The house, with a CV of $930,000, was built by an English immigrant in 1943 and needs a complete renovation.
"It's on a large, 941sq m block of land so there is plenty of potential for people to really develop the site," Harcourts agent Pauline Lancaster said.
The site, which could not be subdivided, was a "goldmine" in an area where land was a prized asset. "The house needs a lot of work but it has rarity value."
In the first day Lancaster had taken eight groups through and had a formal offer but said the house would go to auction later this month.
"The beauty of buying this type of property is you are not paying for someone else's renovation," she said.
Steven Glucina of LJ Hooker Ponsonby said people desperate for a city fringe address were paying more than $800,000 for something deemed "unliveable".
A property on one of Ponsonby's most prestigious streets was listed as a "bachelor pad" that had a kitchen you wouldn't cook in, he said.
Yet Glucina said interest was high in the property. Half a dozen builders had been through before the first open home.
A rebuild, central heating and a pool later
Prime Rd in Grey Lynn lives up to its name - but the house at No 30 certainly did not.
This is how the four-bedroom pre-war villa looked when it was sold in June last year - rusty, corrugated iron roofing, holes in the floor and scrim walls.
Despite that, it nudged the million-dollar mark, selling for $987,500 because of its good bones and great location.
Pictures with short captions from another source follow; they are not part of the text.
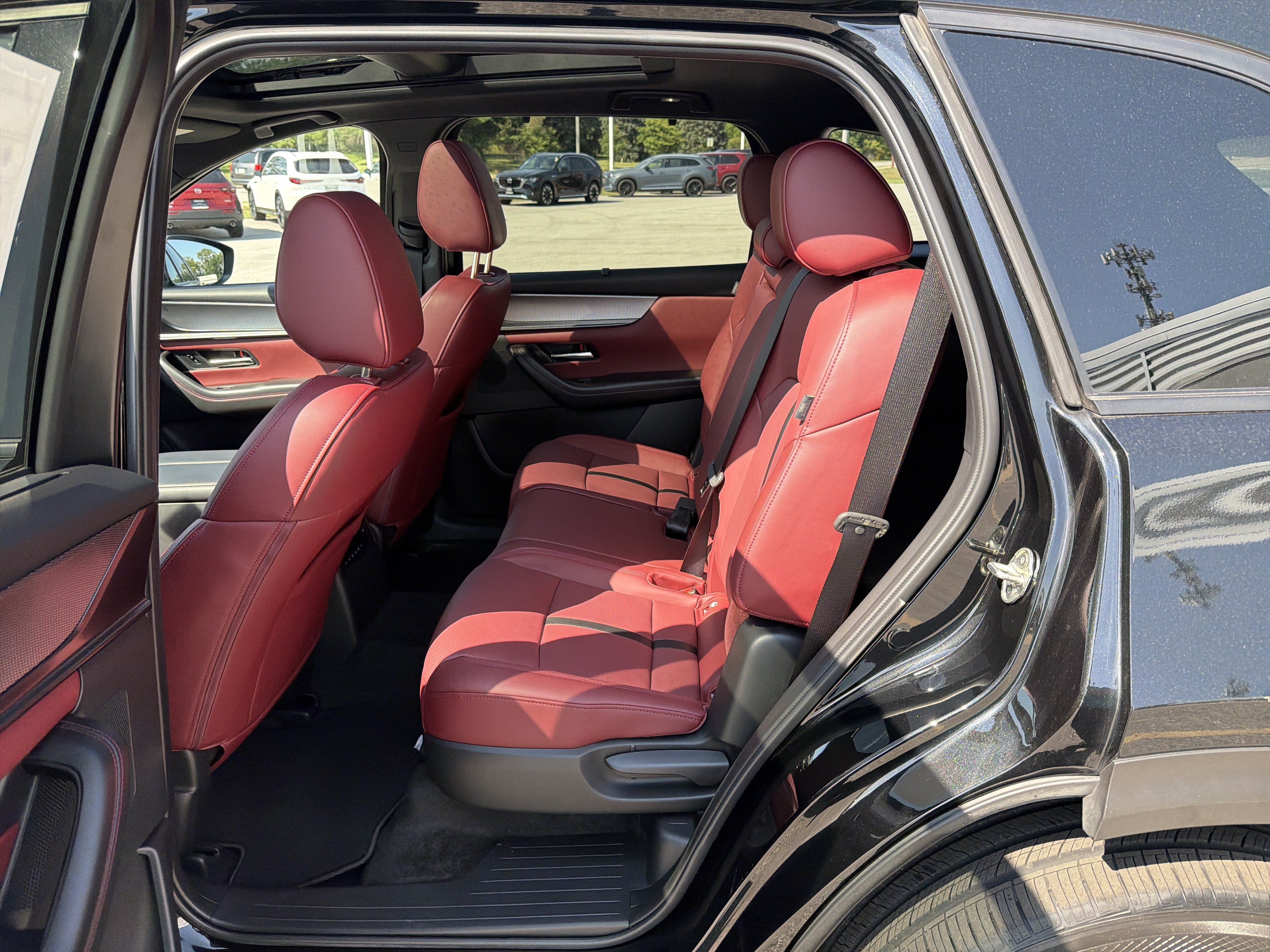 Certified 2025 MAZDA CX-70 Plug-In Hybrid w/ Premium Plus AWD/4WD image 50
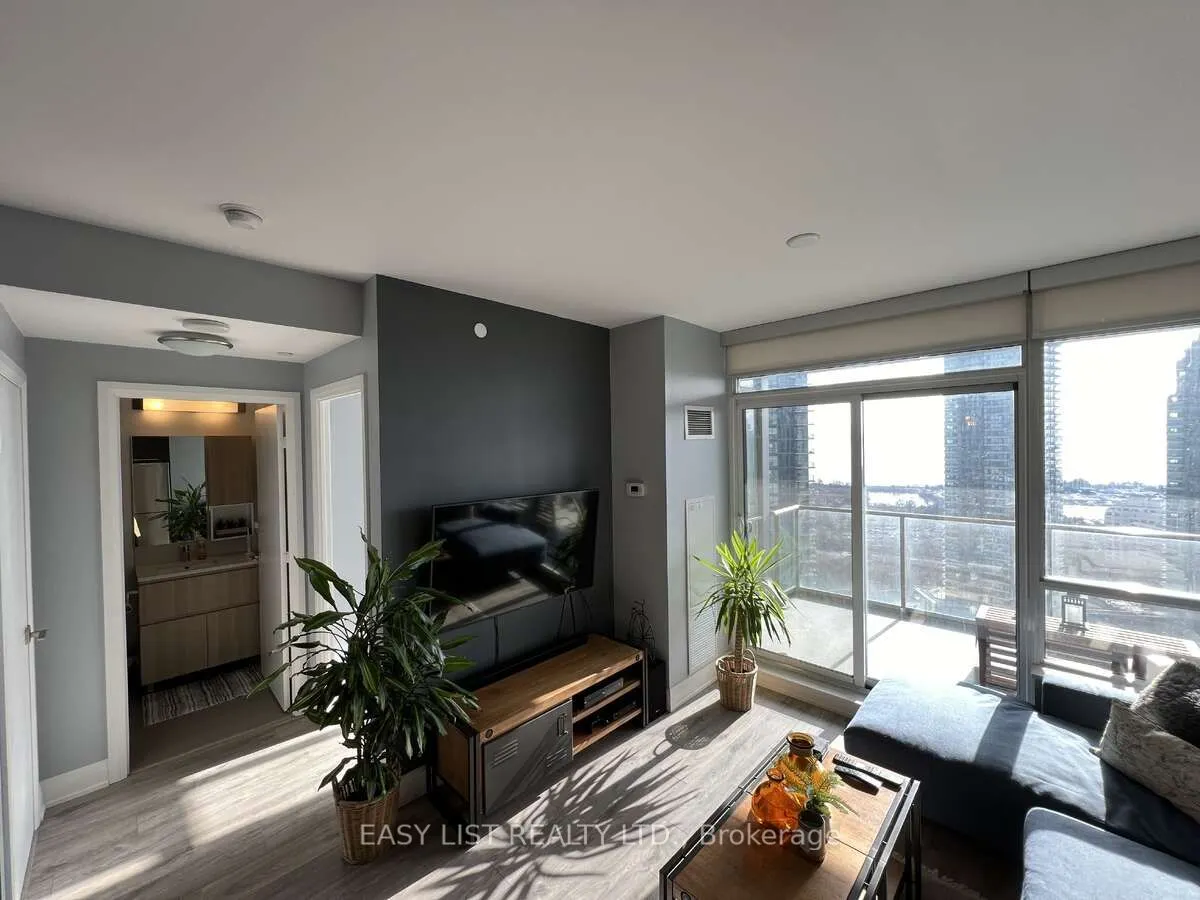 36 Park Lawn Road, #2401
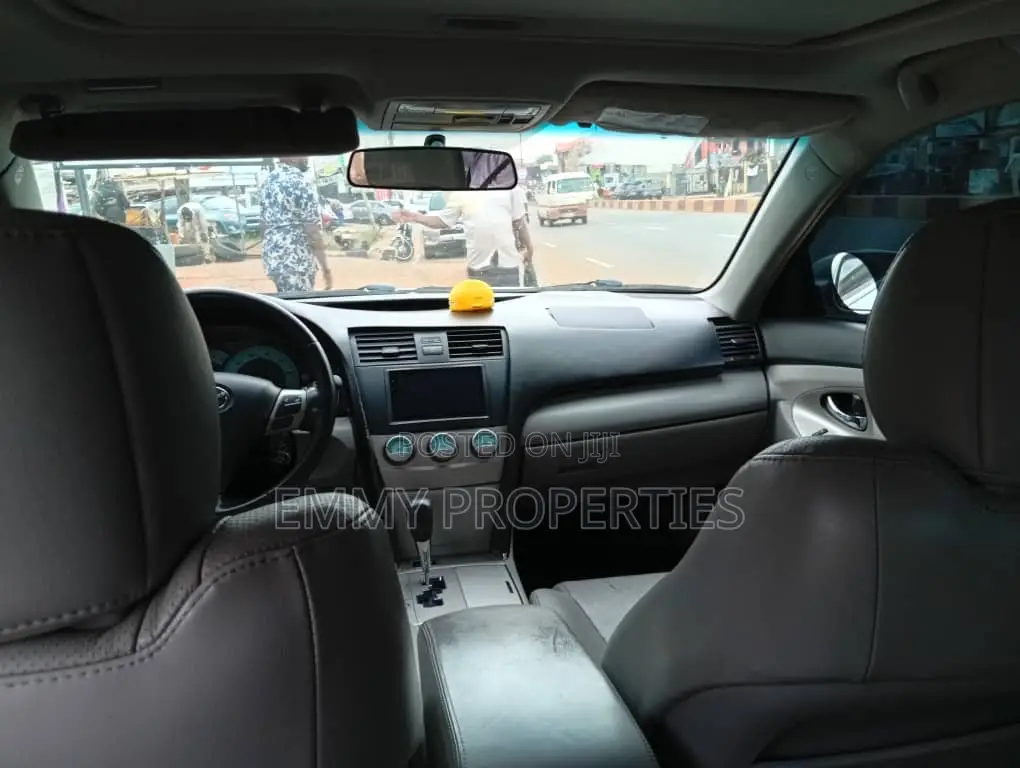 Toyota Camry SE 4dr Sedan (2.4L 4cyl 5A) 2008 Silver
Barfoot and Thompson agent Andre Bodde said the property had been in a terrible state but the new owner had rebuilt it, transforming it into a "captivating and impressive" home with an in-ground swimming pool and central heating. Now, the house is back on the market - and yesterday the estate agents showed round prospective buyers at an open home.
Bodde said potential buyers had shown interest at more than $1.6 million.